Real Life Heroes: Carl Bernstein, Katherine Graham and Bob Woodward discuss the Watergate expose in the newsroom of The Washington Post.
 
The sort of journalism Mr Sorkin champions in The Newsroom is possible. It has happened. It’s history.
 
Nor is it fanciful to claim that high principle, fearsome intelligence and conservative politics can be combined in a single news-man. I know they can, because I used to work for just such a person. His name was Warren Berryman and he was the founding editor of the weekly business newspaper, The Independent.
 
Warren loved free-market capitalism and he was the implacable foe of anyone who brought it into disrepute.

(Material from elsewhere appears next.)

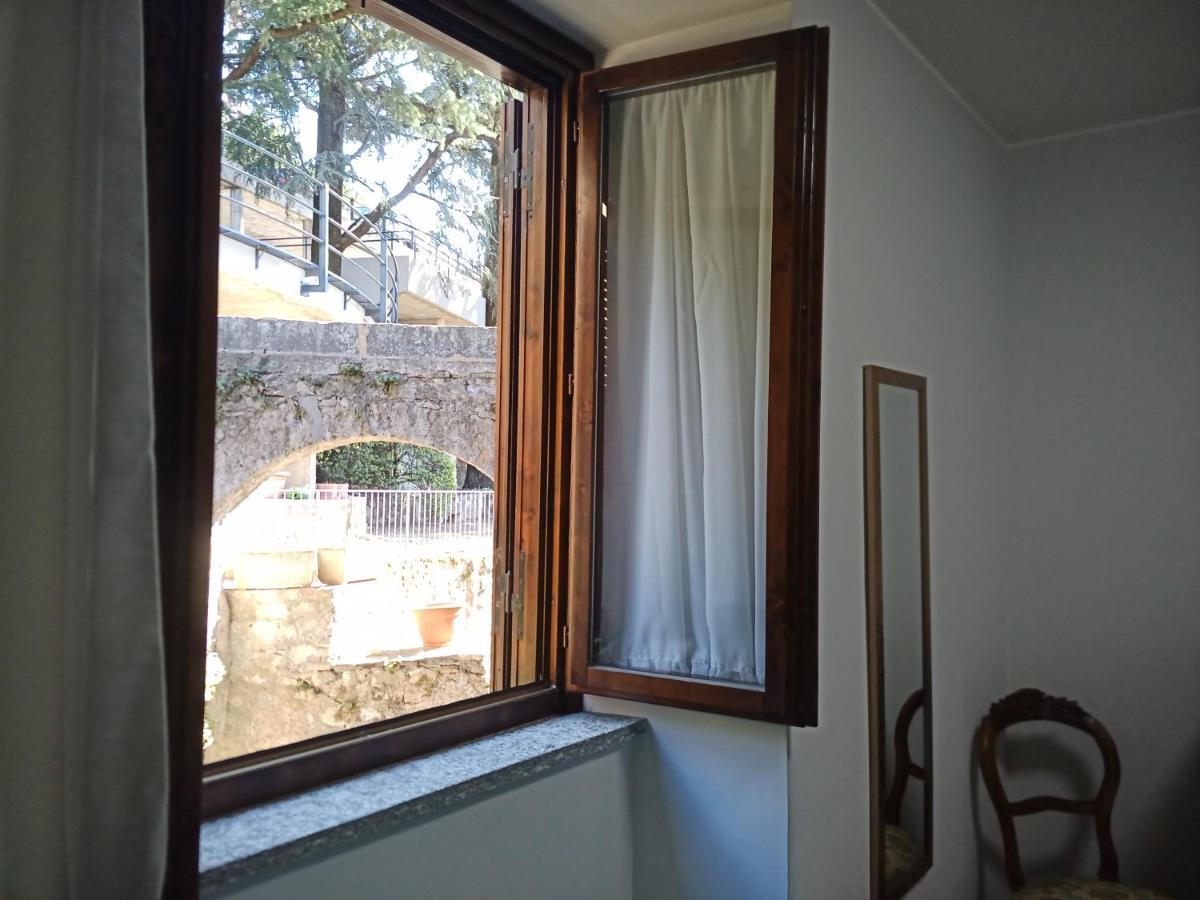 Casa Con Vista Lago A Nesso Bagian luar foto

What’s more, if you had “a good yarn”, Warren didn’t give a damn what your political leanings were. It was the story that mattered.
 
And though he may not always deliver the scintillating dialogue which Mr Sorkin puts into the mouth of Will McAvoy, our own John Campbell regularly presents TV3’s viewers with the sort of fearless advocacy journalism that makes The Newsroom such compelling viewing. Not forgetting Pip Keane, Campbell Live’s McKenzie McHale, or TV3’s very own Charlie Skinner: that indefatigable champion of his network’s news and current affairs; Mark Jennings.
 
It might be stretching a point to call them “young”, but the very real New Zealand investigative journalists, Nicky Hager and Jon Stephenson, are every bit as committed to uncovering the truth as News Night's idealistic staffers.
 
Elaborating the ideal; revealing its meaning and presence in our daily lives; this has always been the duty of the artist. But we should never forget the crucial role reality plays in shaping the artist’s vision of a better world.
 
Truth is not only stranger than fiction – it’s more inspiring.